Food Safety Modernization Progress Report
Did you know that much of the food that Americans consume originate from countries outside of the United States? The Food Safety Modernization Act (FSMA), signed into law back in January 2011, addresses imported food as well as food produced in the United States. Major accomplishments include a final rule and four proposed rules.Here is a synopsis of the final and proposed rules.
Final Rule Administrative Detention of Food
Criteria Used to Order Administrative Detention of Food for Human or Animal Consumption which amended the criteria for administrative detention to prevent potentially unsafe food from reaching the marketplace. The final rule issued February 2013 adopts the interim final rule, “Criteria Used to Order Administrative Detention of Food for Human or Animal Consumption,” published in May 2011, without change.
Guidance For Industry on Administrative Detention
On March 7, FDA released a revised guidance on administrative detention entitled “Guidance for Industry: What You Need to Know About Administrative Detention of Foods; Small Entity Compliance Guide.”
Proposed Rules: Prevention, Produce Safety, Foreign Supplier Verification and Accreditation
- Preventive Controls;
- Produce Safety;
- Foreign Supplier Verification, and
- Third Party Accreditation
Preventive Controls Major Provisions Summary: This proposed rule, issued January 2013, would implement the requirements of FSMA for covered facilities to establish and implement a food safety system that includes hazard analysis and risk-based preventive controls. Specifically, the proposed rule would establish requirements for:
- A written food safety plan;
- Hazard analysis;
- Preventive controls for hazards that are reasonably likely to occur;
- Corrective actions;
- Verification; and
- Associated records.
Produce Safety Major Provisions Summary: This proposed rule would establish science-based minimum standards for the safe growing, harvesting, packing, and holding of produce on farms. The following are the proposed new standards in the following major areas:
- Worker Training and Heath and Hygiene;
- Agricultural Water;
- Equipment, Tools, and Buildings; and
Foreign Supplier Verification Programs (FSVP) for Importers of Food for Humans and Animals Summary: On July 26, 2013, FDA issued proposed regulations that would greatly strengthen the oversight of foods imported for U.S. consumers. Under the Foreign Supplier Verification Program (FSVP) regulations, importers would be required to perform certain risk-based activities to verify that food imported into the United States has been produced in a manner that provides the same level of public health protection as that required of domestic food producers. The FSVP regulations would implement section 301 of the FDA Food Safety Modernization Act (FSMA).

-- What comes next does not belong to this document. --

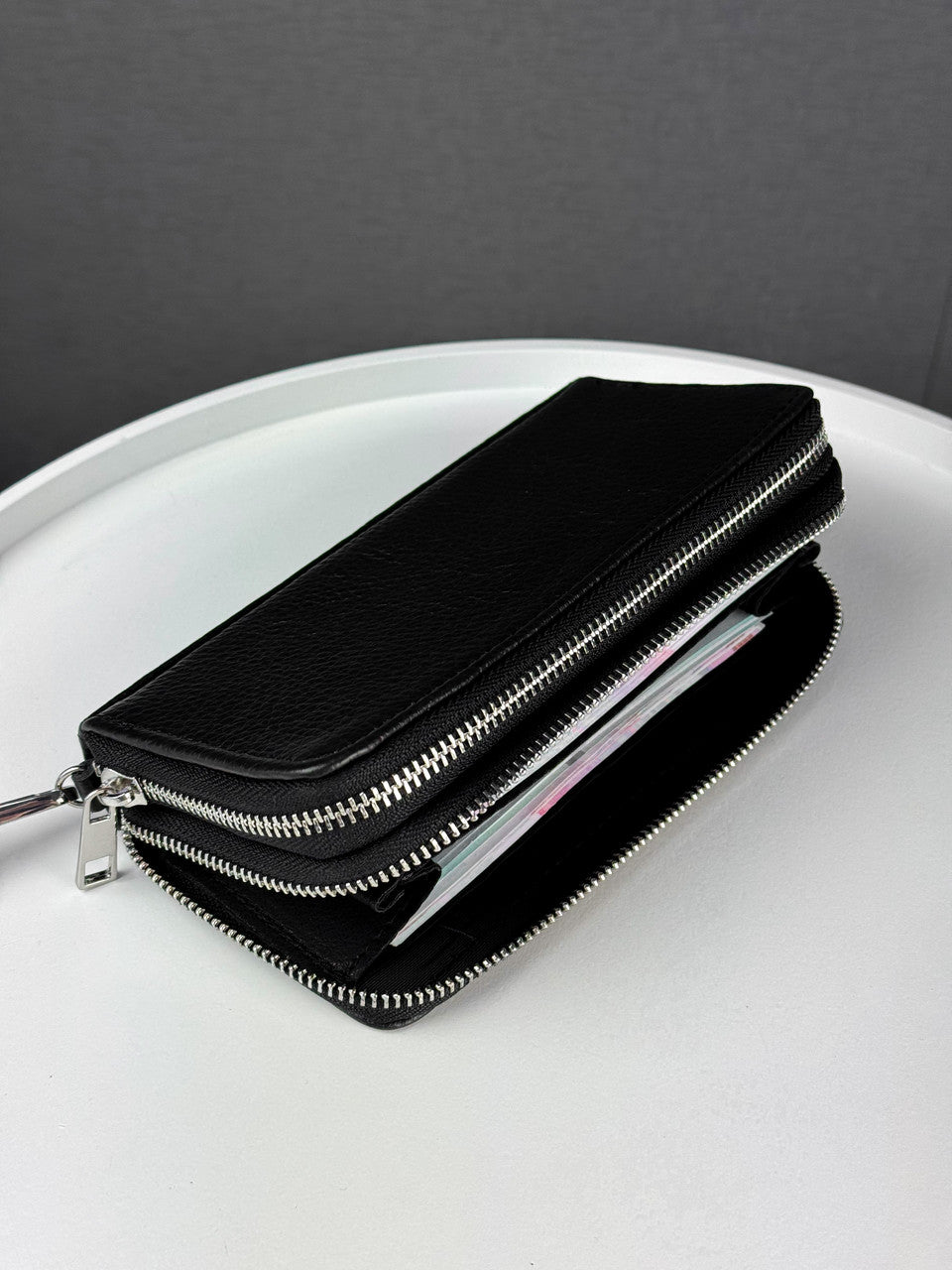 Handmade Mens Black Grain Leather Clutch Wallet Gift For Him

FSVP Requirements: Under the proposed FSVP regulations, an importer would be required to develop, maintain, and follow an FSVP for each food it imports, which, in general, would need to include the following:
- Compliance Status Review
- Hazard Analysis
- Verification Activities
- Corrective Actions
- Periodic Reassessment of the FSVP
- Importer Identification and
Accreditation Rule Summary: On July 26, 2013, the FDA published for public comment its proposed rule to establish a program for accreditation of third-party auditors, also known as certification bodies, to conduct food safety audits and issue certifications of foreign facilities and the foods for humans and animals they produce. The proposed rule would implement Section 307 of the FDA Food Safety Modernization Act (FSMA). The proposed rule contains requirements relating to auditing and certification of foreign food facilities and food under the program and for notifying the FDA of conditions in an audited facility that could cause or contribute to a serious risk to the public health.

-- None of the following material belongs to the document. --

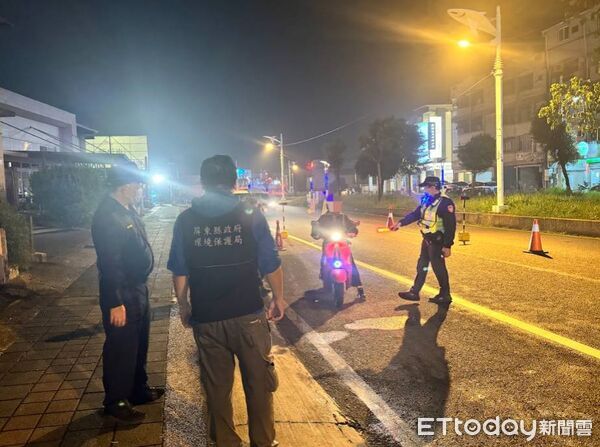 ▲東港警方會同環保局取締噪音。(圖/記者陳崑福翻攝)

Model Accreditation Standards Although not part of the proposed rule, the FDA plans to issue draft model accreditation standards that would specify what qualifications a certification body must have to qualify for accreditation, such as the minimum requirements for education and experience for third-party auditors and their audit agents. FDA will issue the Model Accreditation Standards in draft and open a docket to accept comments. After considering the comments received, the FDA will finalize the standards.
The major issue with these proposals involves the timeframe for these proposed rules. Many will opine that FDA is again “dragging its feet”. After all, the Food Safety Modernization Act was signed into law in early January 2011. Now, over two years later FDA finally announced four proposed rules and only one final rule was solidified. Why did it take so long or did it? The answer is far from clear cut. Perhaps the lengthy timeframe as some would argue is because these are complicated issues and FDA needs to ensure that administrative law due process procedures are adhered to with proper notice and comment. The question remains though as to when the four proposed rules will be finalized. If FDA receives comments that would essentially change the proposed rule in a substantial manner, then FDA would have to return to the “drawing board” and announce a new proposed rule(s). Hopefully, that will not occur as the safety of the United States food supply remains at stake.